Work request: Once you reach the line containing "Гороскоп на 14", write out that line and every remaining line of the records exactly.

Given data:
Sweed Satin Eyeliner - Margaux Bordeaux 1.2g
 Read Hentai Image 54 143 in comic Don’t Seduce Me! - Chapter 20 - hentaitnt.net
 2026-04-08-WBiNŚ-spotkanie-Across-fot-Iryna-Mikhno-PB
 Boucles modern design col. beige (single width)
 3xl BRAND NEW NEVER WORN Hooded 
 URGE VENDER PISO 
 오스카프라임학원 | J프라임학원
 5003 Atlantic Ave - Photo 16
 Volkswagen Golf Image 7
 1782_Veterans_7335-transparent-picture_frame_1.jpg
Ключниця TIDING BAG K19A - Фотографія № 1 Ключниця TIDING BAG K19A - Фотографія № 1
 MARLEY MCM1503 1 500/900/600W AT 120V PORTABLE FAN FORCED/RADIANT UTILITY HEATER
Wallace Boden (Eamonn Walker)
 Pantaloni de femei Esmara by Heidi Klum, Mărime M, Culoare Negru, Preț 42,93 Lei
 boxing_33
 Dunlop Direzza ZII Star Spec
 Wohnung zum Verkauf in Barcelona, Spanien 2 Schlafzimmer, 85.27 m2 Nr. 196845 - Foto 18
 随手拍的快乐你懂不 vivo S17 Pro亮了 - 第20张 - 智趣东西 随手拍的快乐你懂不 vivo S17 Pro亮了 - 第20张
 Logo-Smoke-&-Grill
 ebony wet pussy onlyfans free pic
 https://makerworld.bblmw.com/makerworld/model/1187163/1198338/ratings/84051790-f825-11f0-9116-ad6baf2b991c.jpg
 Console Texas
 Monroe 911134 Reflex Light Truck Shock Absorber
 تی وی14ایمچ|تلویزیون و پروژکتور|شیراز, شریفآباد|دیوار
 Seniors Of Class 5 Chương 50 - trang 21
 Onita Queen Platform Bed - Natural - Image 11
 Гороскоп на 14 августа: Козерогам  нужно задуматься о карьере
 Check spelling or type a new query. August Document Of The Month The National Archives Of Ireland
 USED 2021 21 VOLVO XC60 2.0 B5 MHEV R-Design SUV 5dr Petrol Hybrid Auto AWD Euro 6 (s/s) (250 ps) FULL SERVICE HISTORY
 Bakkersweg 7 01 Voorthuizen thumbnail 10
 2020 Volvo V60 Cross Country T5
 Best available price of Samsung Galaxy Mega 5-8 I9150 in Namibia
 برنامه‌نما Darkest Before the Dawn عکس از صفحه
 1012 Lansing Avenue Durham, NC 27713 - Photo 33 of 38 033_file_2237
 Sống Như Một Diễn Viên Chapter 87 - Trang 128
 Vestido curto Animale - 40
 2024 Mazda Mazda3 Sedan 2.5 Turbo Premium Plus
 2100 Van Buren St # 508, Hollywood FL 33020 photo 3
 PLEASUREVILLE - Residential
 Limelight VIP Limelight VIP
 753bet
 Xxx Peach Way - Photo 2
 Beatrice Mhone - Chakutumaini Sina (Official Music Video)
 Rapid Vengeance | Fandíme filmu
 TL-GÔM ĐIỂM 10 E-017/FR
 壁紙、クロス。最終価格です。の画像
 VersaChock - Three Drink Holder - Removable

Answer box:
 Гороскоп на 14 августа: Козерогам  нужно задуматься о карьере
 Check spelling or type a new query. August Document Of The Month The National Archives Of Ireland
 USED 2021 21 VOLVO XC60 2.0 B5 MHEV R-Design SUV 5dr Petrol Hybrid Auto AWD Euro 6 (s/s) (250 ps) FULL SERVICE HISTORY
 Bakkersweg 7 01 Voorthuizen thumbnail 10
 2020 Volvo V60 Cross Country T5
 Best available price of Samsung Galaxy Mega 5-8 I9150 in Namibia
 برنامه‌نما Darkest Before the Dawn عکس از صفحه
 1012 Lansing Avenue Durham, NC 27713 - Photo 33 of 38 033_file_2237
 Sống Như Một Diễn Viên Chapter 87 - Trang 128
 Vestido curto Animale - 40
 2024 Mazda Mazda3 Sedan 2.5 Turbo Premium Plus
 2100 Van Buren St # 508, Hollywood FL 33020 photo 3
 PLEASUREVILLE - Residential
 Limelight VIP Limelight VIP
 753bet
 Xxx Peach Way - Photo 2
 Beatrice Mhone - Chakutumaini Sina (Official Music Video)
 Rapid Vengeance | Fandíme filmu
 TL-GÔM ĐIỂM 10 E-017/FR
 壁紙、クロス。最終価格です。の画像
 VersaChock - Three Drink Holder - Removable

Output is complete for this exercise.